Many Democrats and almost all Liberals oppose war and want negotiation with terrorists, most especially the Taliban. 9/11 for many Liberals was payback for US 'imperialism' and when Bush said 'you are either with us or against us' - all Liberals and many Democrats (imagine the scene in the film Invasion of the Body Snatchers where one of the remaining humans in the town is uncovered by the aliens and they turn, point and open their mouths and the noise that follows ....) began emitting a noise that would seem to come from an animal close to death, in its last throes of pain as it squeals in agony. How dare Bush question our patriotism. How dare Republicans question our dedication and commitment to the United States. So fierce were their screeching sounds that Republicans prefaced everything with - we don't question their love for the country or we don't question their patriotism ... and Republicans tempered their statements even though what Bush stated was very true - you either stand with the United States government and Western Civilization or you support those who want to kill you. We don't have to always agree on how we will oppose them, but we do need to agree we oppose them. Liberals can't even agree on that issue and so perverted the argument it is meaningless - except to place Republicans on the defense.
All of that means nothing if you are a Liberal because you can call anyone you want names and not feel the slightest bit guilty. After all, whatever you call someone, it must be accurate and so calling them a name is fine. Unlike Republicans who do it out of spite and hate.
By: Jonathan Allen and John Bresnahan
August 1, 2011
Vice President Joe Biden joined House Democrats in lashing tea party Republicans Monday, accusing them of having “acted like terrorists” in the fight over raising the nation’s debt limit, according to several sources in the room.
Biden was agreeing with a line of argument made by Rep. Mike Doyle (D-Pa.) at a two-hour, closed-door Democratic Caucus meeting.
“We have negotiated with terrorists,” an angry Doyle said, according to sources in the room. “This small group of terrorists have made it impossible to spend any money.”
Biden, driven by his Democratic allies’ misgivings about the debt-limit deal, responded: “They have acted like terrorists.”
Biden’s office initially declined to comment about what the vice president said inside the closed-door session, but after POLITICO published the remarks, spokeswoman Kendra Barkoff said: “The word was used by several members of Congress. The vice president does not believe it’s an appropriate term in political discourse.”
Biden later denied he used that term in an interview with CBS.
“I did not use the terrorism word,” Biden told CBS Evening News anchor and managing editor Scott Pelley.
Earlier in the day, Biden told Senate Democrats that Republican leaders have “guns to their heads” in trying to negotiate deals.
The vice president’s hot rhetoric about tea party Republicans underscored the tense moment on Capitol Hill as four party leaders in both chambers work to round up the needed votes in an abbreviated time frame. The bill would raise the debt limit by as much as $2.4 trillion through the end of next year and reduce the deficit by an equal amount over the next decade.
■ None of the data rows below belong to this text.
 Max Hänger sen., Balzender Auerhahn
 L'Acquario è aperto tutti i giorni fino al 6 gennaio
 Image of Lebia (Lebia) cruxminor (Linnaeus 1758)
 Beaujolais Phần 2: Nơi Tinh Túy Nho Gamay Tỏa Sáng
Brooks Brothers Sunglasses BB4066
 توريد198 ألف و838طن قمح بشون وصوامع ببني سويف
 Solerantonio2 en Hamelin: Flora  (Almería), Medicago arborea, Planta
Democrats had no shortage of colorful phrases in wake of the deal.
Rep. Emanuel Cleaver (D-Mo.) called it a “Satan sandwich,” and Rep. Luis Gutierrez (D-Ill.) called seemed to enjoy the heat analogy, saying: “the Tea Partiers and the GOP have made their slash and burn lunacy clear, and while I do not love this compromise, my vote is a hose to stop the burning. The arsonists must be stopped.
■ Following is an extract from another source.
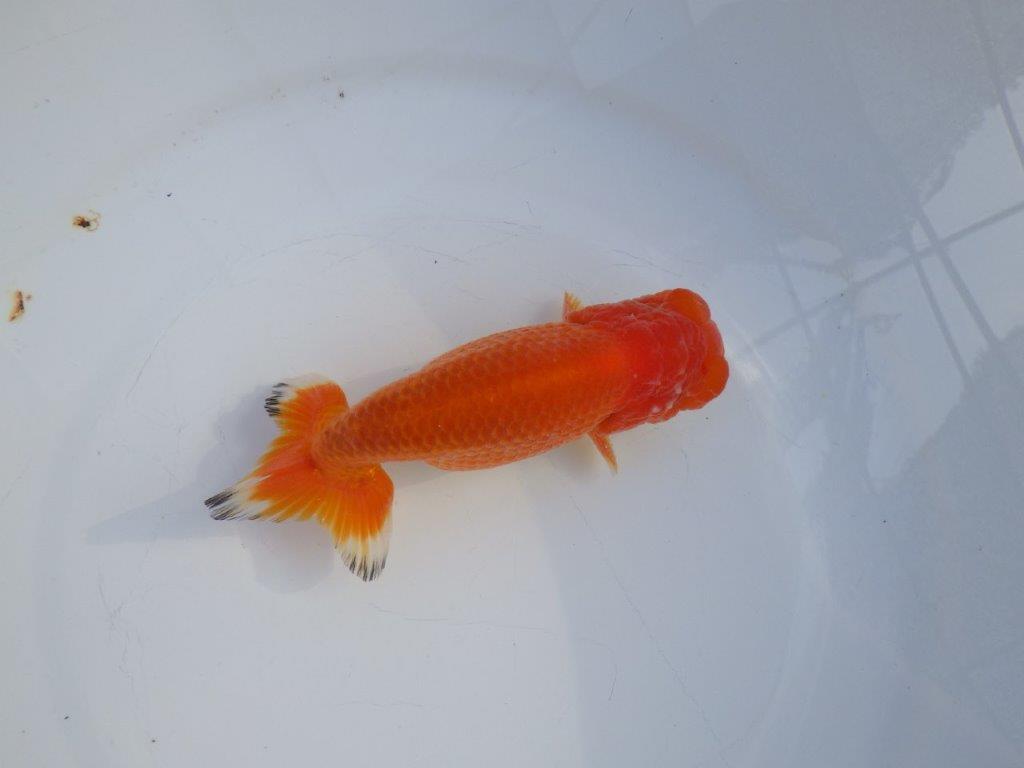 【愛知小早川義幸氏】頭が良く映える明け二歳らんちゅう約14㎝オス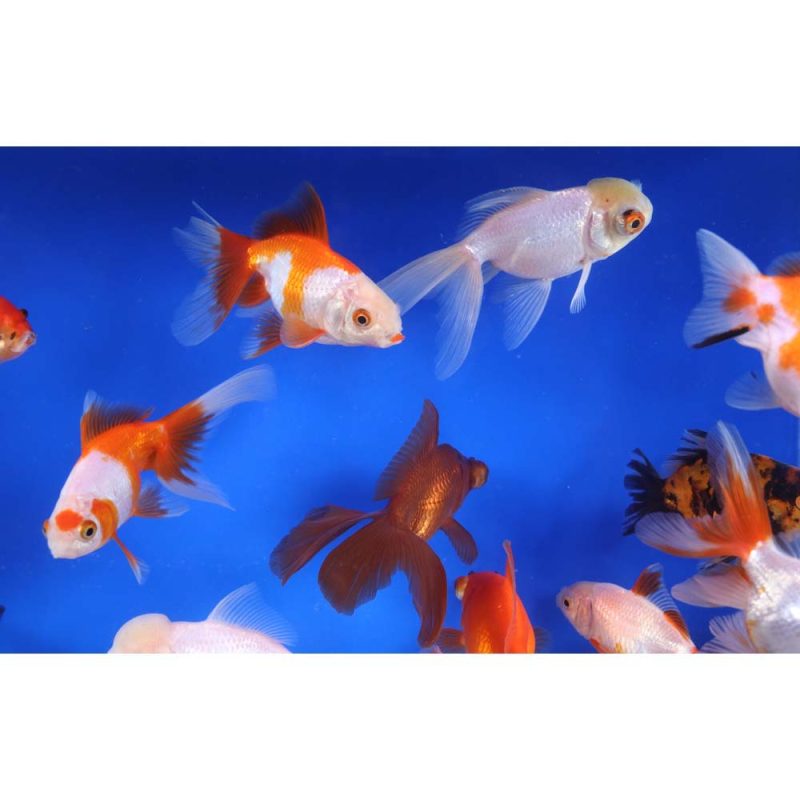 Mixed Premium Fantail Goldfish LG - Image 6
The deal was consummated Sunday night, the text of the bill was posted in the wee hours of Monday morning, and the House was expected to vote first on it Monday afternoon or evening. But there are still plenty of concerns in both parties and in both chambers.
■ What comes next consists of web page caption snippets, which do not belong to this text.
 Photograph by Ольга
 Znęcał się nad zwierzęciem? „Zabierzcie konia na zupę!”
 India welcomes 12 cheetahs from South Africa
Liberal Democrats have had the most averse reaction to the plan, which ensures between $2.1 trillion and $2.4 trillion in deficit reduction over the next decade without requiring any of it to come from tax increases.
Biden told Democratic lawmakers that the deal would take away the tea party’s “weapon of mass destruction” — the threat of a default on U.S. debt obligations.
“They have no compunction about blowing up the economy to get what they want,” Doyle told POLITICO after the meeting.